Both sides is what I would want for hunting anything.


----------



## Booral121 (Jan 6, 2019)

This can test? The can being a tin can yeah like soup or dogfood yeah 🤔 and does the can get fixed to say a post or something or just hung from a string or that cause obviosly your going to get a different outcome from a fixed and freehanging tin 🤔 and I take it its 10m. If anyone could let me know please and I will try three of my hunting setups out and see how they fair 🎯👊👍🏴󠁧󠁢󠁳󠁣󠁴󠁿


----------



## Slingshot28 (Feb 15, 2021)

I think they were soup cans that were filled with water and then shot at probably hanging or resting on the ground. Some other people would shoot an empty can.


----------



## KawKan (May 11, 2013)

I have a problem with the tin can test, mostly because it is so vague. 
No ammo is specified, although I suspect the test is based on 3/8-inch (9.5mm) steel. 
Experience shows that smaller steel is better at penetration and larger steel is worse. Also, that 1/2-inch steel is deadly even without penetration. 
But shooting cans is always fun, and comparing the damage can be informative - if not definitive.


----------



## vince4242 (Jan 11, 2016)

Ray I think the can test is more for confidence that you're going to make a clean kill. My example is I had my hunting setup that was too weak. It took three shots dead on the head to kill a squirrel. I got the job done but it was not a clean kill and I felt really bad. When I did the can test filled with water, ½" steel and 7/16" steel did not penetrate the can on either side but made a huge dent on the front side. I shortened the band set by ½" and did the test again months later before I was ever going to try and hunt again, and low and behold the ½" steel went through the front and made a big dent in the back, 7/16" did the same and almost went through, and 3/8" steel went straight through both sides without even tipping the can over. This gave me a good idea that 3/8 with that band set, and my draw length is the right ammo for hunting. 7/16" steel almost went through the back so maybe that would be good too but it was a good indication that I was on the right track after my failed hunting attempt with a weaker band set earlier the year before. 

I hope that helps anyone trying to understand about the steel can filled with water test.


----------



## High Desert Flipper (Aug 29, 2020)

KawKan said:


> I have a problem with the tin can test, mostly because it is so vague.
> No ammo is specified, although I suspect the test is based on 3/8-inch (9.5mm) steel.
> Experience shows that smaller steel is better at penetration and larger steel is worse.

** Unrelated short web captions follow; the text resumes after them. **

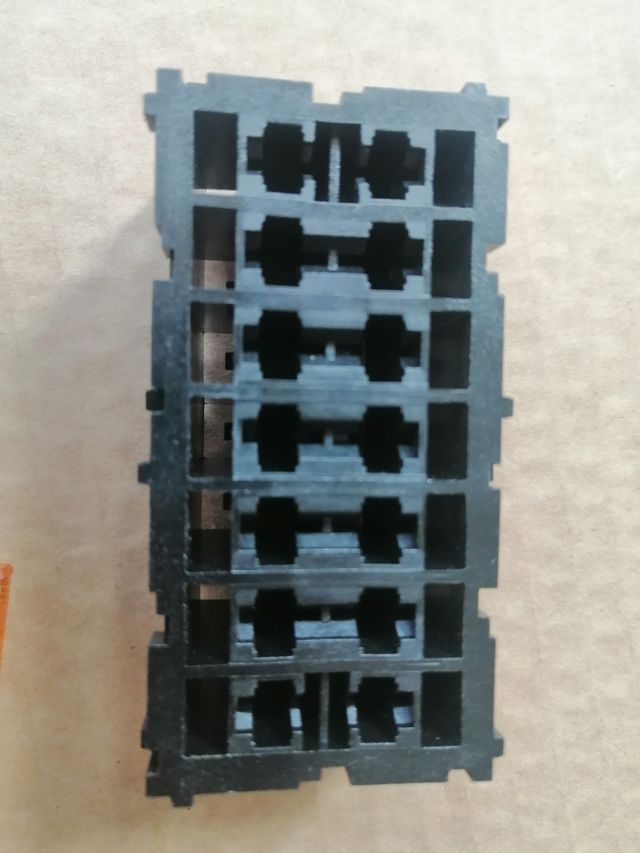 kit completo porta fusibles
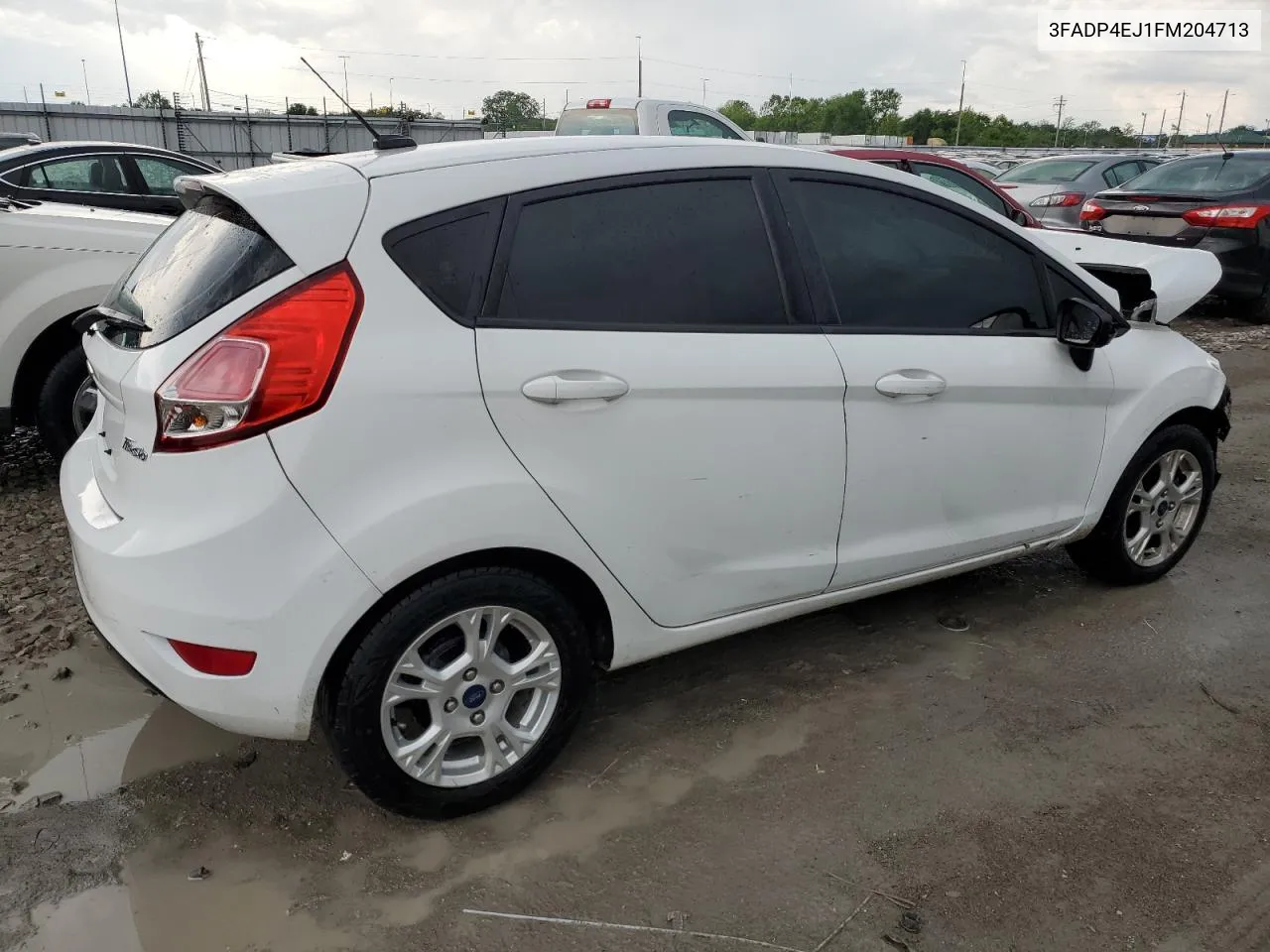 2015 Ford Fiesta Se VIN: 3FADP4EJ1FM204713 Lot: 54591264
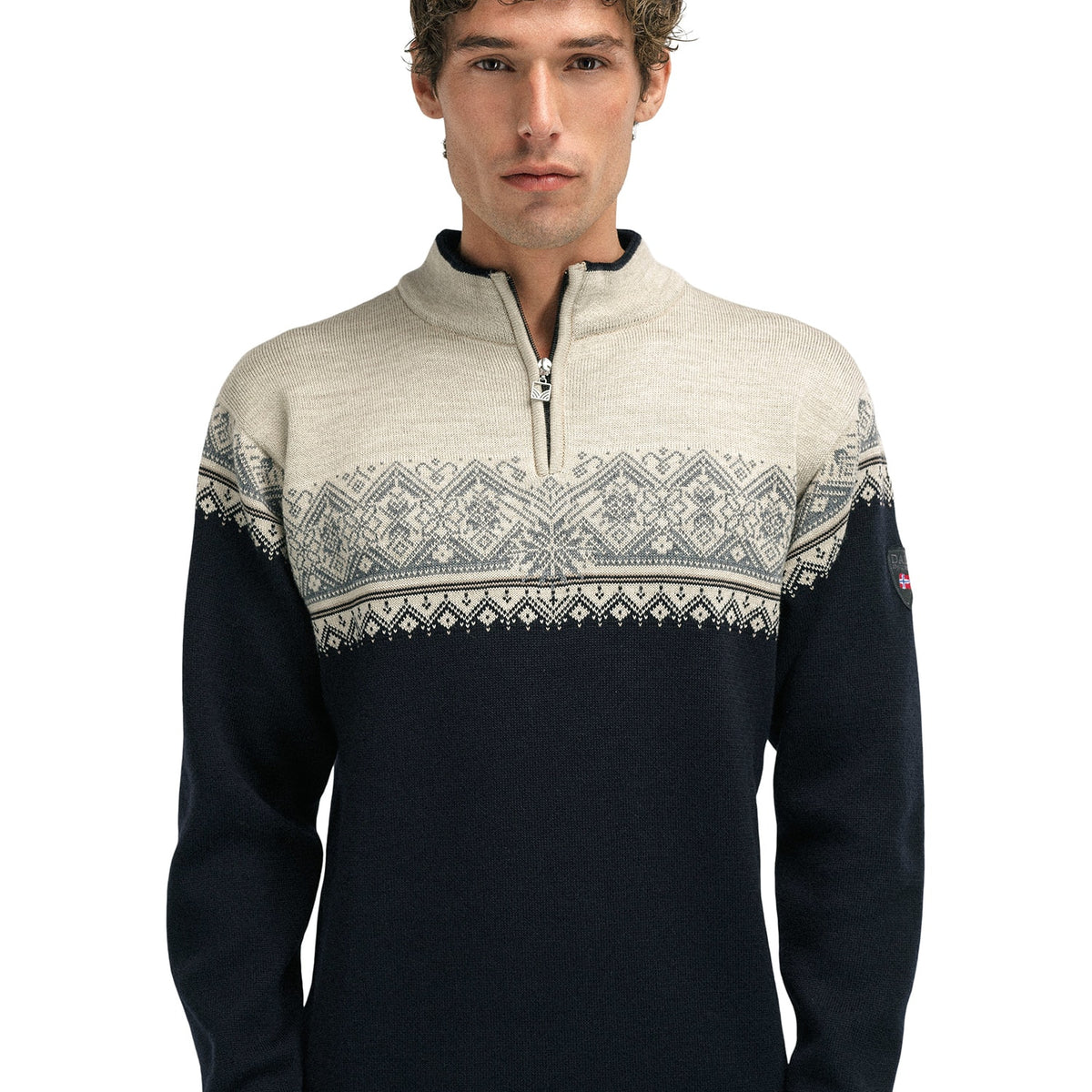Dale of Norway Moritz Sweater Men's Black/Sandstone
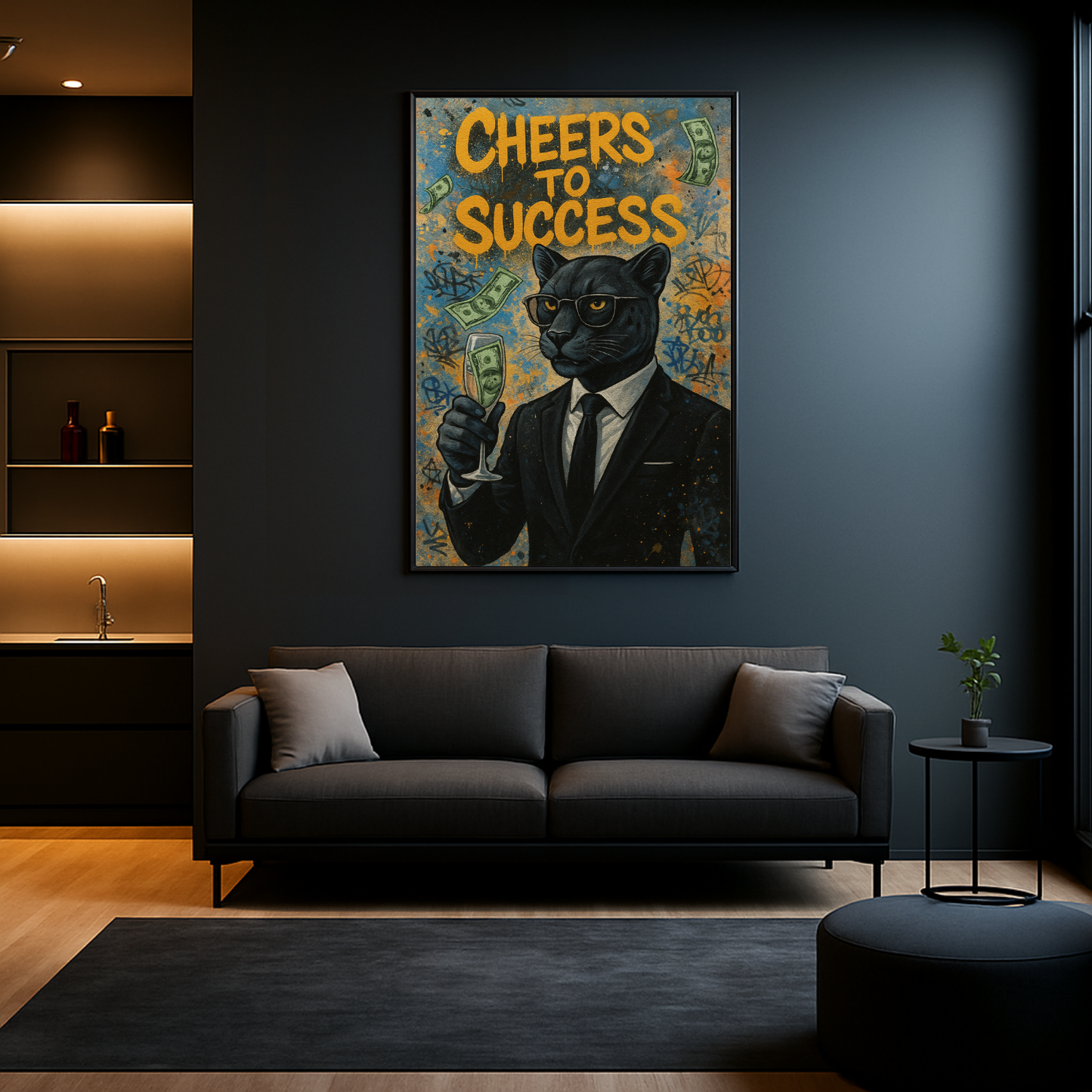 Cheers To Success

Also, that 1/2-inch steel is deadly even without penetration.
> But shooting cans is always fun, and comparing the damage can be informative - if not definitive.



I am with @KawKan on this. I think the can test is a great and simple general test for larger ammo like 3/8", 7/16", and 1/2". But the test comes with some caveats.

I did a bunch of shooting at water filled soup cans and relatively slow moving 5/16" (~230 fps) gets through both sides pretty easily thanks to its small diameter. On the other hand, 7/16" going at the same speed and with TONS more impact energy usually only gets through one side and sometimes just knocks the heck out of the can without even getting in.

I don't hunt much but impact is interesting to me. There are a lot of good apps out there to calculate energy simply from putting in mass and velocity, and I find these to be really informative. For instance, 5/16" steel going 230 fps has about 3.6 ft lbs of energy, while 7/16" going the same 230 fps generates about 10.1 ft lbs.

Bullet Energy Calculator is a simple app widely available for Android.


----------



## Booral121 (Jan 6, 2019)

Right can test totally pointless at metres my setups obliterating it 👎🎯 I hunt really really well with no bigger than 0.65 in any brand of elastic unless its snipersling yellow then I use 0.70 all tapered 18-23 using 8.7mm steels or 9.5mm or 8.4mm lead these setups hitting the kill zone on birds rabbits hares whatever even cans there dead 😉


----------



## High Desert Flipper (Aug 29, 2020)

I also recently tested some tungsten ammo. While it is very expensive (like $0.5 per ball) it was really interesting. It is ~2.2x denser than steel and ~1.5x denser than lead, so a 5/16" tungsten ball weighs more than a 3/8" steel ball. 

For hunting, these balls may be the ultimate since they will hold velocity and energy down range thanks to the small diameter and high density. The tungsten balls will also have a lot more penetration than similar mass steel or lead balls that have larger diameters at similar weights









High impact (and high cost) fun- tungsten ammo


I have been curious to try different kinds of ammo and had it in the back of my head that the super dense tungsten balls sometimes used in shotgun shells might be fun to try. I looked around a bit and found that some do make tungsten buckshot that is ~2.2x as dense as steel, although it is very...




www.slingshotforum.com


----------



## THWACK! (Nov 25, 2010)

KawKan said:


> I have a problem with the tin can test, mostly because it is so vague.
> No ammo is specified, although I suspect the test is based on 3/8-inch (9.5mm) steel.
> Experience shows that smaller steel is better at penetration and larger steel is worse. Also, that 1/2-inch steel is deadly even without penetration.
> But shooting cans is always fun, and comparing the damage can be informative - if not definitive.


Prior to the invention of the slingshot, ancient folk had fun playing the game "Kick the can".

THWACK!


----------



## Pedroito (Aug 22, 2021)

vince4242 said:


> Ray I think the can test is more for confidence that you're going to make a clean kill. My example is I had my hunting setup that was too weak. It took three shots dead on the head to kill a squirrel. I got the job done but it was not a clean kill and I felt really bad. When I did the can test filled with water, ½" steel and 7/16" steel did not penetrate the can on either side but made a huge dent on the front side. I shortened the band set by ½" and did the test again months later before I was ever going to try and hunt again, and low and behold the ½" steel went through the front and made a big dent in the back, 7/16" did the same and almost went through, and 3/8" steel went straight through both sides without even tipping the can over. This gave me a good idea that 3/8 with that band set, and my draw length is the right ammo for hunting. 7/16" steel almost went through the back so maybe that would be good too but it was a good indication that I was on the right track after my failed hunting attempt with a weaker band set earlier the year before.
> 
> I hope that helps anyone trying to understand about the steel can filled with water test.


why filled with water? would it be harder without water (because of unstability)?


----------